Monday, 13 October 2014

In a nutshell: Peaks and troughs (Garrad)

Another of my favourite talks at the Royal Society’s ‘Peaks and Troughs’ workshop is ‘Lessons from the wind energy industry’. Andrew Garrad (as in Garrad-Hassan), describes what worked for onshore wind, as well as what didn’t, and suggested what marine renewables could learn from this experience. His seminar is essential reading (or listening: the sound recording is available) for anyone who is interested in what is driving the current investment climate, and what can be done to weather it.

Here is a summary of the points that stood out for me:

Incentives determine the nature of the market.

Andrew described how completely different markets arose from minor differences in incentives [listen from 12:30 in audio recording]. The following worked for the wind industry:

1. Protectionism rather than capitalism:
  • Countries where planning permission strongly favoured domestic manufacturers (Spain, Denmark, Germany) now have a thriving wind turbine manufacturing industry [9:10]. 
  • UK lost promising domestic manufacturers by having an open market. Developers not supported locally [11:30] pulled out of wind due to unfortunate circumstances, including the dollar exchange rate (their market was in California) [37:00]. 
2. Consistent, stable, production tariffs:
  • China: capital grants were given for installed capacity. This does not incentivise operation; therefore much of the installed wind capacity is not working (insufficient grid capacity, or unrepaired) [10:00]. 
  • USA: The intermittent production tax credits lead to sporadic installation, and a boom and bust industry. This encouraged imports, rather than a domestic industry [8:15]. 
  • Spain: A stable long term production tariff built an industry from scratch in a decade [9:10]. 
3. Growing from small beginnings:
  • UK: planning permission was given initially for the windiest sites. These were also the most environmentally sensitive, and this has subsequently lead to difficulties in planning permission [12:00]. 
  • USA: Only big industry could benefit from the tax credits; this lead to a small number of big players [12:30]. 
  • Germany: incentives resulted in doctors and farmers buying wind turbines [12:55]. 

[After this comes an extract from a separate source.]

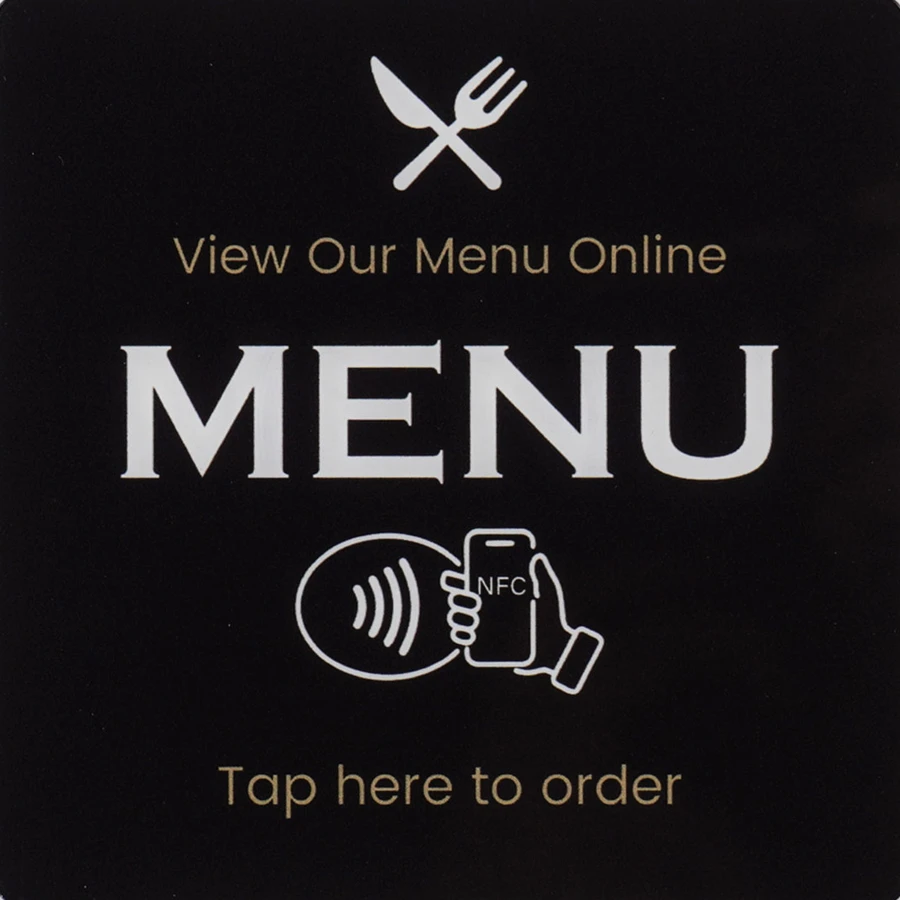 Black NFC menu card: View our menu online, MENU, Tap here to order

Going too big, too early, did not work

  • In the 1980s commercial turbines were ~15m in diameter [15:20] and were being welded together in backyards [16:50]. 
  • Central government R&D programmes funded ‘macho’ turbines, built by aerospace companies. This major capital expenditure was decoupled from the market [15:45]. None of the macho turbines or associated development programs remain active. Giving large capital grants to companies used to having large amounts of government money will not start an industry [22:10]. 
  • Meanwhile, small, highly motivated companies ‘with big egos’ grew commercially [22:30]. 
  • They slowly increased turbine diameter; in 1990s diameter levelled off to ~50m. A successful European commission project (WEGA) encouraged small developers to co-operate on tackling technical barriers to further upscaling [17:45]. 

Failures are essential for cost reductions

Types of failure [26:50]:
  • Failure is understood and anticipated (e.g. not following best practise) 
  • Failure is understood but not anticipated (e.g. extreme loads higher than design load) 
  • Failure is not understood and not anticipated (e.g. unexpected behaviour) 

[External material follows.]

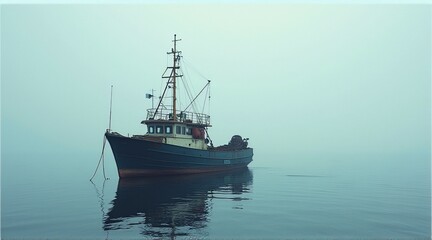 Obraz premium A solitary fishing boat amidst a serene misty sea, ideal for maritime themes, relaxation, or coastal design projects, with copy space.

It is only the first type of failure which should cause embarrassment. The second and third types of failure are where you learn something; they are vital and healthy.

Wave is where wind was 25yrs ago – do we need to go through all the agony?

  • Survival is success: 25yrs ago, the availability of wind turbines was 55% [27:30]. 
  • A proven operation and maintenance strategy can make or break the financial case: Andrew did not believe that any wave developer had this yet [34:00]. 
  • Studying the price history of (3-bladed) Bonus wind turbines suggests that the biggest reductions were due to volume production, rather than technology improvements. Andrew believes that wave focuses too much on cost reductions due to technology: instead technological improvements should focus on reliability [23:20]. 
  • It is difficult for wave to mimic wind’s successful slow growth, as it is harder to build a backyard wave energy prototype [19:50]. 
  • However, by the time wind was successfully upscaled (WEGA), there was 1.7GW installed capacity: a lot more than the installed capacity of marine renewables now. This suggests the value of developing the technology alongside development of installed capacity [18:50]. 
  • In the early days of wind there were co-operative deals and technical exchange. It is difficult to repeat this with wave as it is so commercial [21:30].Wave lacks a spirit of co-operation. There has been too early an injection of too small an amount of venture capital: this stops people talking to each other [28:00]. Andrew believes this has slowed development [28:40]. 
  • Money alone is not enough: Andrew suggests that wave needs industrial partners with commercial experience and a long-term outlook [36:10]. 
  • Scientific advances were important for wind. Virtual tools are essential. It is important that non-linearities are modelled by these tools, and that the tools are validated with physical tests. Andrew did not believe that measurements being made on marine energy prototypes were adequate for validating these virtual tools [31:00]. 

Wave is worth it 

  • The scale of the resource justifies the development of  the technology [37:30]. 
  • It is hard to tell in the long term what the winning technology will be. The sensible answer is an eclectic energy mix [38:00].